Urban Networks
Dec 1, 2025
By Kennon Stewart
Networks and Complexity
While working as an engineer, I worked with some incredible teams. I worked with logistics and shipping teams, business teams that were trying to make a buck, and operations teams who were making the actual decisions on the ground.
The biggest disconnect between corporate and operations teams wasn’t the office location or job role. It was how well one could understand the complexity that comes with shipping a package. And there is a lot of complexity that comes with shipping a package.
The engineers of the business worked purely with numbers. We need data and metrics to make sense of operations, otherwise we’d be lost. Ops managers and their teams frequently knew their processes inside-out. They had a skill of take a complex system like a fulfillment center and making it simple enough to address the problem at hand.
They could estimate their daily delivery speeds based on the weather and the number of staff on hand. They planned for workforce numbers by reducing the problem to the target volume set by the business and the average speed at which they know their team can work. Most of the decisions made in this environment relied on getting rid of the unnecessary information to get the data you need to attack a problem.
Cities are Just as Complex
Cities are just as complex, if not more.

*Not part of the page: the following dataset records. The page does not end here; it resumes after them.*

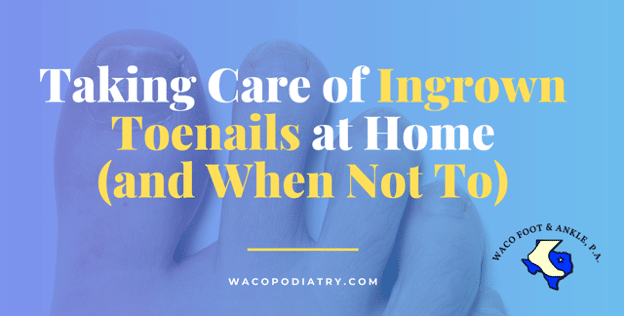 Take Care of Ingrown Toenails at Home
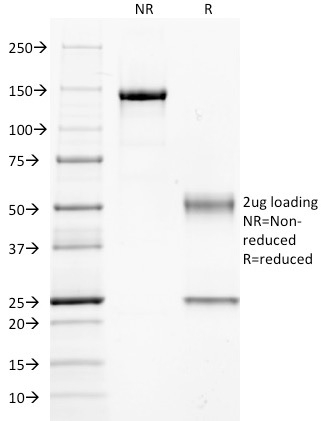 Guanine nucleotide-binding protein Alpha-q / GNAQ / G-Alpha-q Monoclonal Mouse Antibody (GNAQ/2434)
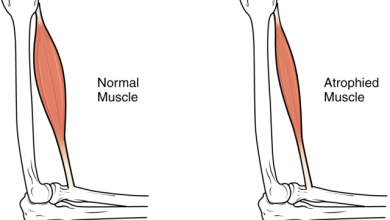 שריר מנוון לעומת שריר נורמלי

They’re debatably humanity’s greatest invention, but that comes with a learning curve. Businesses and governments alike need to make sense of these complex environments to serve the people who live there.
Modeling the city as a network (a collection of nodes and edges) doesn’t do justice to the city’s real state, and that’s the goal. It strips away the complexity of road networks, traffic delays, and infrastructure information to solve the problem at hand. It’s easy to get pessimistic about the idea of intentionally throwing out information, but this is actually the key to big data.
A few years before I entered the field, there was this craze about big data. Cloud storage was cheap enough that storing data was relatively inexpensive, and so firms collected to their hearts’ content for later analysis. The issue is that it costs way more to analyze data than it does to store it.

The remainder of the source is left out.